# Java Andere Fenster in Borderless-Mode setzen



## IAmAWard (10. Nov 2018)

*Hey Leute,*

ich wollte fragen ob es möglich ist mittels Java ein anderes Fenster (Spiel) in den Borderless Window Mode zu setzen. Weil wenn man ein Fenster in "Always on Top" hat wird es trotzdem hinter ein Fenster gesetzt was im F11 Vollbild modus ist. Aber ist es nur im Borderless-Mode bleibt es darüber. 

Freue mich auf Antworten.
Mfg. Ward


----------



## krgewb (12. Nov 2018)

Borderless? Also es gibt die Klasse JWindow. Ein Objekt der Klasse JWindow hat standardmäßfig keine Titelleiste.


----------



## IAmAWard (12. Nov 2018)

Ja es gibt so genannte „Borderless Window“ Es sieht so aus als wäre es im Volllbildmodus, aber andere Fenster, welche always on top sind bleiben auch oben.
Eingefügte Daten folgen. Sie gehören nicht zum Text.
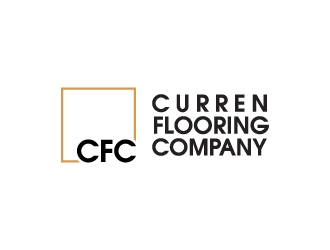 Curren Flooring Company logo design by desynergy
Wenn du ein Spiel zB Minecraft im Vollbildmodus hast, dann kann kein anderes Fenster darüber liegen


----------



## Robat (12. Nov 2018)

So richtig versteh ich die Frage noch nicht. Du hast ein Fenster programmiert und möchtest, dass es immer angerzeigt bleibt und kein anderes Fenster davor kommt. Macht nicht genau das JFrame#setAlwaysOnTop(boolean) ?


----------



## IAmAWard (12. Nov 2018)

Robat hat gesagt.:


> Macht nicht genau das JFrame#setAlwaysOnTop(boolean) ?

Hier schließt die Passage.